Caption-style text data

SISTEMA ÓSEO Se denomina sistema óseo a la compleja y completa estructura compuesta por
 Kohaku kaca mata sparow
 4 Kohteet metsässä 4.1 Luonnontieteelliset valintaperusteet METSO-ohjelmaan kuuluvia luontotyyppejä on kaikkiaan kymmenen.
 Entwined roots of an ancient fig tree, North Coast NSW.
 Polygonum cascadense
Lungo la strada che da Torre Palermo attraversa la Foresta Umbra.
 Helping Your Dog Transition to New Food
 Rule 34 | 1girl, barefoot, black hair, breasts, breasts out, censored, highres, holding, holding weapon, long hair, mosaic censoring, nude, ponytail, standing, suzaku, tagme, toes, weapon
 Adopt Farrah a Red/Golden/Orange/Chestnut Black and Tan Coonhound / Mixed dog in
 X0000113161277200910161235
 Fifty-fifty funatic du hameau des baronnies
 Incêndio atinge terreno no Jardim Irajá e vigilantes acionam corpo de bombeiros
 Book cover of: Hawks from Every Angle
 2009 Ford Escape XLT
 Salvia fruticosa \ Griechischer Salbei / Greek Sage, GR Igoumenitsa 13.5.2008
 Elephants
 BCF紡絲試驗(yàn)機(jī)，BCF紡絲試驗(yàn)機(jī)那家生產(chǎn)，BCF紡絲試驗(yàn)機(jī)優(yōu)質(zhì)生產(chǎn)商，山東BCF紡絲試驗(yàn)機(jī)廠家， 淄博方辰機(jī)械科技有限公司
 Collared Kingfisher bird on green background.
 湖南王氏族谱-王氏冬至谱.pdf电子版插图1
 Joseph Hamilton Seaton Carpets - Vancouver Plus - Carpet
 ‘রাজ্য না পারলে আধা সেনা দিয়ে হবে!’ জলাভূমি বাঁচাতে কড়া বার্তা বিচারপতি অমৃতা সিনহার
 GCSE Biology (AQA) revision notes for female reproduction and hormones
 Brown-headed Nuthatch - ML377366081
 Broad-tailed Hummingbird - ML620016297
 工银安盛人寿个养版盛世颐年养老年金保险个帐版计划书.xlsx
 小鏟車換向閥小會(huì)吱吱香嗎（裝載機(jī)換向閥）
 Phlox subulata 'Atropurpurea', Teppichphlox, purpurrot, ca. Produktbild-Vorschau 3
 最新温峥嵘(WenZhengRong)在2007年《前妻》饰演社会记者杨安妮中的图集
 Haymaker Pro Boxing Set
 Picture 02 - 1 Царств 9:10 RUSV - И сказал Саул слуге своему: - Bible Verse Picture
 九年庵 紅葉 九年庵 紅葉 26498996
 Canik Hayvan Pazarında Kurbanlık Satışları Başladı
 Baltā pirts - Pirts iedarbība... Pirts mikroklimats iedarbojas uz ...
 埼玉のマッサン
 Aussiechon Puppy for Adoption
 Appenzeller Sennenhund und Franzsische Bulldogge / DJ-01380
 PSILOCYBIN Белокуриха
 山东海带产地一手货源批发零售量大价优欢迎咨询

To do. Will you return exactly the lines above from the one with "Joseph Hamilton Seaton" down to the one with "工银安盛人寿个养版盛世颐年养老年金保险个帐版计划书.xlsx", counting both as part of the range?

Written response.
 Joseph Hamilton Seaton Carpets - Vancouver Plus - Carpet
 ‘রাজ্য না পারলে আধা সেনা দিয়ে হবে!’ জলাভূমি বাঁচাতে কড়া বার্তা বিচারপতি অমৃতা সিনহার
 GCSE Biology (AQA) revision notes for female reproduction and hormones
 Brown-headed Nuthatch - ML377366081
 Broad-tailed Hummingbird - ML620016297
 工银安盛人寿个养版盛世颐年养老年金保险个帐版计划书.xlsx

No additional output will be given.